09 January 2026, 16:56

85.000 junge Menschen ohne Lehrstelle: Warum die Ausbildung in Deutschland scheitert

Ein kleiner Zug, der für Kinder entworfen wurde, fährt auf Schienen zwischen einem Baumstamm und einigen Blättern auf der rechten Seite des Bildes.

85.000 junge Menschen ohne Lehrstelle: Warum die Ausbildung in Deutschland scheitert

Der Ausbildungsmarkt bleibt für junge Menschen in Deutschland eine Herausforderung: Noch immer haben Ende September 2025 fast 85.000 Bewerberinnen und Bewerber keine Lehrstelle gefunden. Expertinnen, Experten und Wirtschaftsführer zeigen sich besorgt über hohe Abbrecherquoten, veränderte Prioritäten bei Auszubildenden und eine wachsende Kluft zwischen Arbeitgebern und der jüngeren Generation.

Bei einer kürzlichen Diskussion in Remscheid betonten Vertreter aus Bildung und Wirtschaft die Notwendigkeit besserer Kommunikation und Unterstützungssysteme, um diese Probleme anzugehen.

Das Bundesinstitut für Berufsbildung (BIBB) meldete, dass fast 30 Prozent der Auszubildenden ihre Verträge vorzeitig beenden. Viele von ihnen beginnen später eine neue Ausbildung – ein Hinweis darauf, dass Unzufriedenheit und nicht mangelndes Interesse an einer Berufsausbildung insgesamt der Grund ist. Hubert Ertl, Forschungsdirektor des BIBB, forderte, die Ängste junger Menschen ernst zu nehmen, insbesondere ihre Sorgen um finanzielle Absicherung im Alter und die Möglichkeit, sich Wohneigentum leisten zu können. Er unterstrich, wie wichtig es sei, das Selbstvertrauen der Auszubildenden zu stärken, um sie bei beruflichen Herausforderungen zu unterstützen.
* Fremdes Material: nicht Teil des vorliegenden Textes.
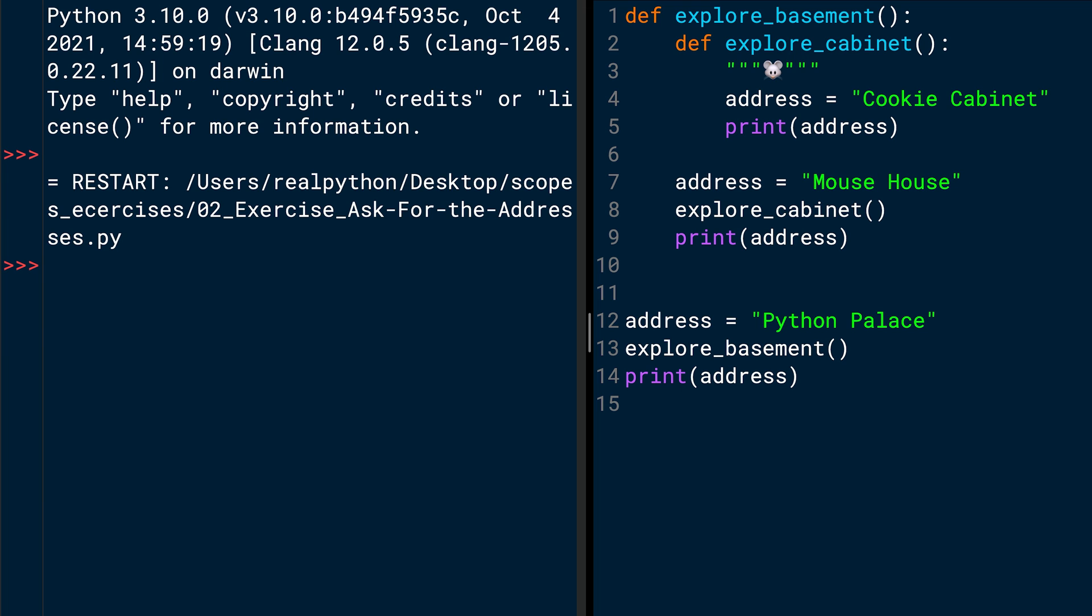Where you define another address variable, which is called mouse house. And then you call the explore_cabinet function in line 8. So now you can look what's inside the explore_cabinet function, which is in line 3, the mouse dog string, hello mouse. And in line 4, another address variable with the string, cookie cabinet. And then in line 5, the print function call of address. So that's actually the moment where the program for the first time calls the print function.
Henner Pasch, Präsident der Bergischen Industrie- und Handelskammer (IHK), kritisierte bei jüngeren Beschäftigten eine nachlassende Arbeitsmoral und geringeres Engagement. Er verwies auf häufige Krankschreibungen und die Tendenz von Bewerbern, Work-Life-Balance höher zu gewichten als langfristiges Karrierewachstum. Pasch betonte jedoch auch, dass ältere Generationen in der Pflicht stünden, junge Menschen dabei zu unterstützen, ihre Erwartungen realistischer auszurichten. Daniel Bielecki, Vorsitzender des Remscheider Jugendrats, wies darauf hin, dass viele Auszubildende eine Lehre ohne echtes Interesse beginnen, was zu geringer Motivation führe. Alexander Lampe vom Remscheider Industrieausbildungszentrum teilte die Sorge über mangelnde Kommunikation zwischen Arbeitgebern und Jugendlichen hinsichtlich der Vorteile einer Berufsausbildung. Beide forderten klarere Informationen und eine stärkere Begleitung, um die Bindung an den Beruf und die Zufriedenheit zu erhöhen.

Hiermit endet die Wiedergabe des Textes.